- [TASK DETAILS]: Output all of the data exactly as it appears, but leave out any pictures it contains.

- [COLLECTED DATA]:
[Start of section]
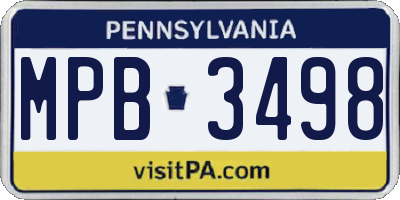 PA license plate MPB3498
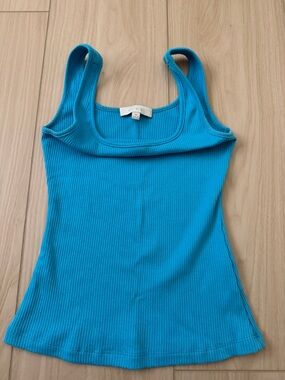 Women's Ribbed Square-Neck Tank Top in Teal Blue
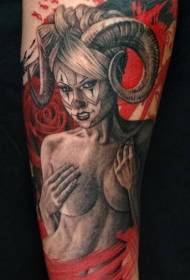 Modello di tatuaggio strega sexy stile messicano di tradizione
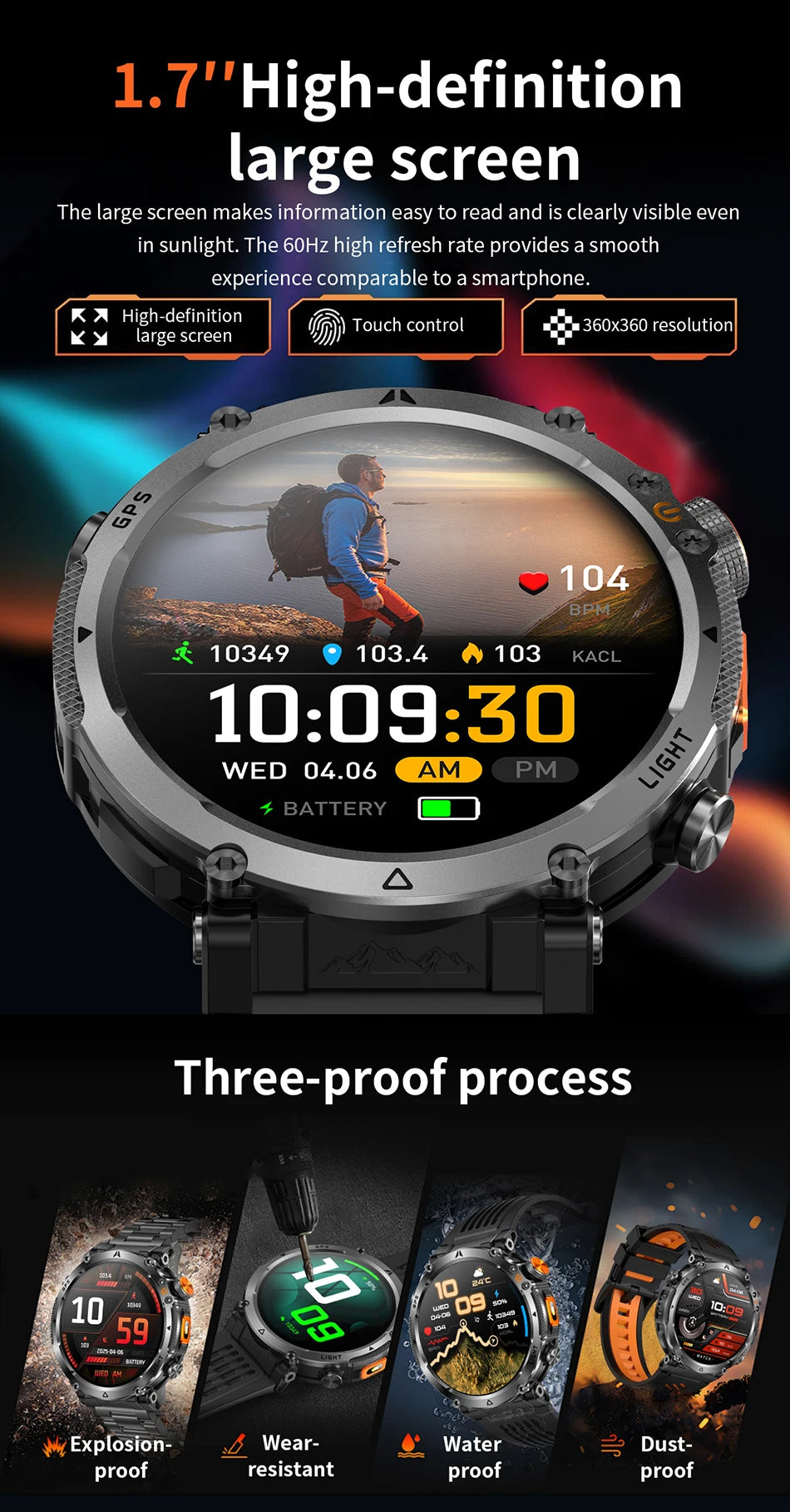 Montre Connectée Outdoor ChiBear – 1,7" AMOLED, 100+ Sports, Boussole, Torche LED, Appel BT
[End of section]
- [TASK SOLUTION]:
 PA license plate MPB3498
 Women's Ribbed Square-Neck Tank Top in Teal Blue
 Modello di tatuaggio strega sexy stile messicano di tradizione
 Montre Connectée Outdoor ChiBear – 1,7" AMOLED, 100+ Sports, Boussole, Torche LED, Appel BT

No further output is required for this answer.